Residential Real Estate Market: Germany Expected to See High Demand and Rent Increases Continue
The German residential real estate market is experiencing the most prolonged upswing seen in post-war history, according to experts from Scope Investor Services (Scope). The rental markets are tense in the country’s major and fast-growing cities, with local signs of price overheating on the markets for condominiums as well. Scope expects the tense situation and the exaggerated trends to continue for the time being. The overall macroeconomic situation is robust and the number of private households will increase further, fueling demand on the residential real estate market. According to Scope, the market is only moving towards a better balance between supply and demand very slowly, with construction activity gradually starting to pick up. Savills believes that the overall conditions on the German residential real estate market remain positive from an investor’s perspective. Given the high demand, rents will continue to rise this year unless the state steps in with clear regulatory measures to halt rent development. According to Savills, Germany’s major metropolitan areas still offer positive long-term growth prospects. Investors should look not only at the areas’ core cities, but also at their surrounding areas. ImmobilienScout24 believes that, in addition to rising quoted rents, the prices of existing and newly built apartments are likely to continue to rise looking at Germany on average. The state building societies (Landesbausparkassen) expect to see prices to have risen by between 3 % and 5 % on the German residential real estate market by the end of the year. According to DB Research, residential property ownership remains affordable. There are, however, pronounced differences from region to region.

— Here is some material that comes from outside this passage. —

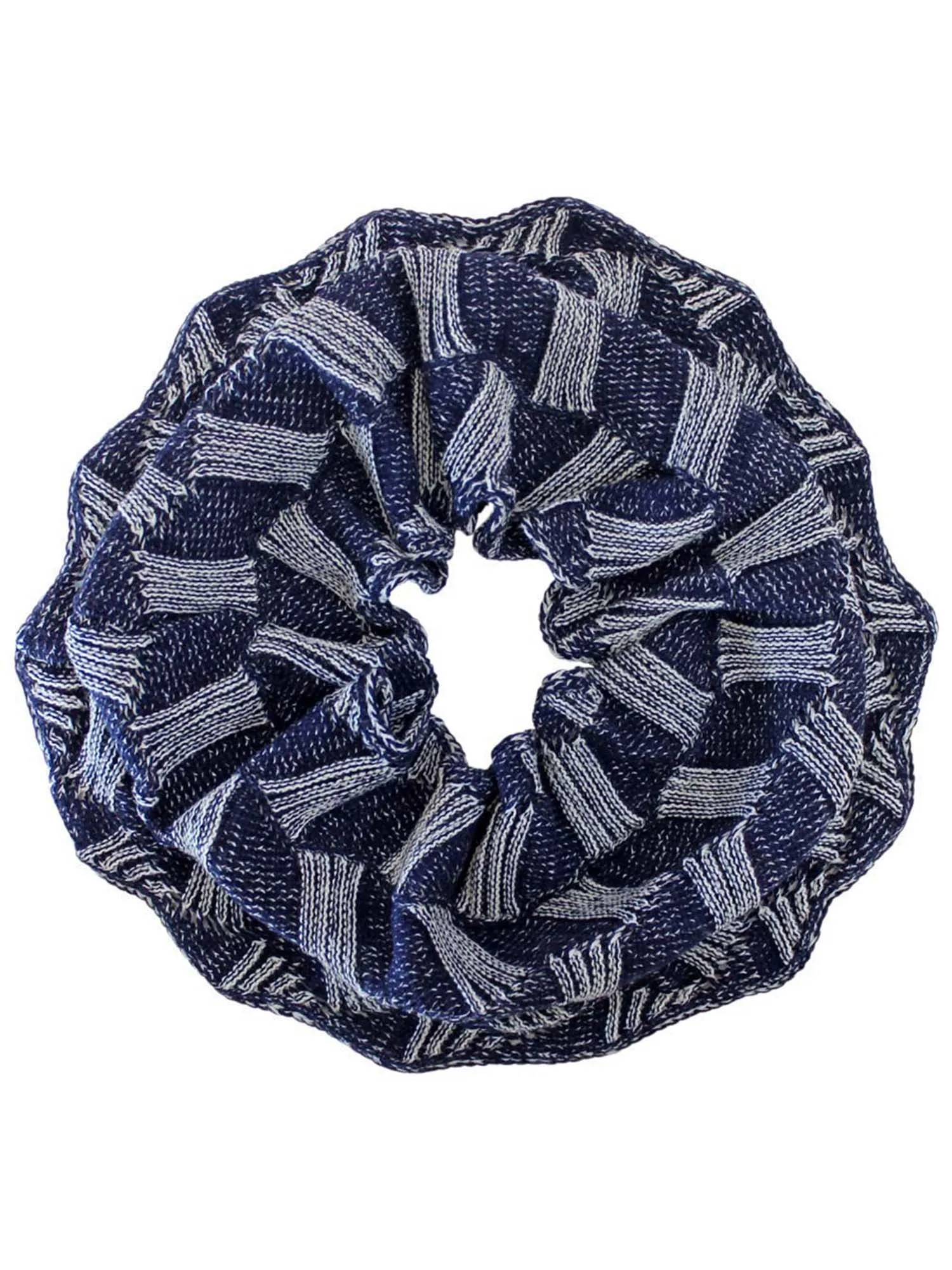 Two-Tone Knit Unisex Winter Infinity Scarf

According to information released by the Cologne Institute for Economic Research as part of a study commissioned by gif – Gesellschaft für immobilienwirtschaftliche Forschung e.V. and others, the sharp increase in real estate prices for all forms of investment since 2010 is of fundamental significance. The prices of residential real estate in major cities stand out in particular. Nevertheless, the Cologne Institute still believes that a speculative bubble is unlikely, arguing that the price development can be explained and that financing behavior remains virtually unchanged. It does, however, point out that interest rates, economic developments and demand are currently providing extremely positive overall conditions, and that market corrections are likely to be made to one or several of these factors over the next few years. The empirica bubble index did not increase any further in the first quarter of 2017 and there is no conventional nationwide price bubble at the moment. Rents and purchase prices in 230 out of 402 administrative districts and self-governing cities are no longer developing in tandem, with the bubble index indicating a medium to high risk for 155 districts.

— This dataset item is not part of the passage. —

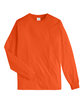 Hanes Unisex 6.1 oz. Tagless® Long-Sleeve T-Shirt orange FlatFront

Due to the significant increase in rents in many places, there are calls for greater regulation of the residential property market in the run-up to the German Bundestag elections. The most significant new regulatory measure from a property owner’s perspective, the rent ceiling, is in place in more than 300 municipalities in twelve federal states. In Mecklenburg-West Pomerania, the federal state government has been tasked with introducing the regulations as soon as possible. Following the state parliamentary elections in North Rhine-Westphalia and Schleswig-Holstein, the rent ceiling could well be axed based on the coalition agreements.